The annual shareholder letter, ostensibly penned by a company’s chief executive officer, might seem lost amid the ubiquitous graphics and numerical overload of the digital age. But an emerging field of investment research known as financial linguistics informs us that those yearly correspondences could actually impart valuable clues about a company’s prospects — or lack of same — and should be considered required reading for all current and prospective investors.
Rittenhouse Rankings developed a proprietary model based on 100 topics organized into seven categories, including accountability, vision and candor. For example, a letter lost points for what Rittenhouse considered “negative candor” or “F.O.G,” a clever acronym for “fact-deficient, obfuscating, generalities.” The results of the Rittenhouse study are eye-opening: Between June 2007 and June 2016, the 25 companies in the top quartile of the rankings outperformed the S&P 500 in all but one 12-month period.

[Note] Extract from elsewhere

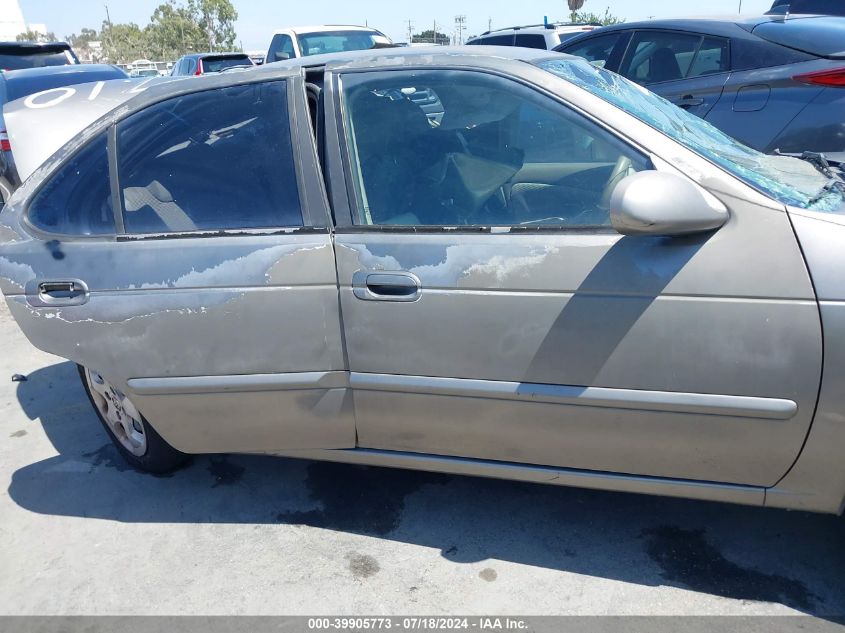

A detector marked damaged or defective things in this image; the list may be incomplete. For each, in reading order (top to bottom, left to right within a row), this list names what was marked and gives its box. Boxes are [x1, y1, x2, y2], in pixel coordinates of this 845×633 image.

damaged silver sedan [4, 48, 844, 512]
shattered windshield [536, 57, 840, 210]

Notably, that performance gap widened significantly over the last four years of the survey, perhaps in response to the role a perceived lack of candor played in underwriting the Great Recession. Over the full 10-year period, companies ranked highest for candor generated an annualized total return of 18.1 percent, compared with 7.1 percent for the S&P 500 index.
A review of the 377 readily available letters from companies composing the S&P 600 SmallCap index by securities analyst Elizabeth Howell Hanano produced similar findings. Howell Hanano ranked each letter on a scale of 1 through 10 (with 10 being highest) on the basis of criteria drawn, in part, from practices employed by the widely acknowledged master of the shareholder letter, Berkshire Hathaway CEO Warren Buffett. Companies to which Howell Hanano assigned a 10 rating outperformed the index over each of the one-, three- and five-year periods through Oct. 23, 2017. The results, she concluded, “makes it clear that reading shareholder letters truly is an important part of the investment process.”
A forthright CEO letter isn’t by itself a reason to own a stock, just as an opaque version would be insufficient reason to pass. Still, assuming an annual shareholder
letter is available, its language could contain valuable pieces to the investment puzzle. Consider the few minutes it takes to read the letter time well spent.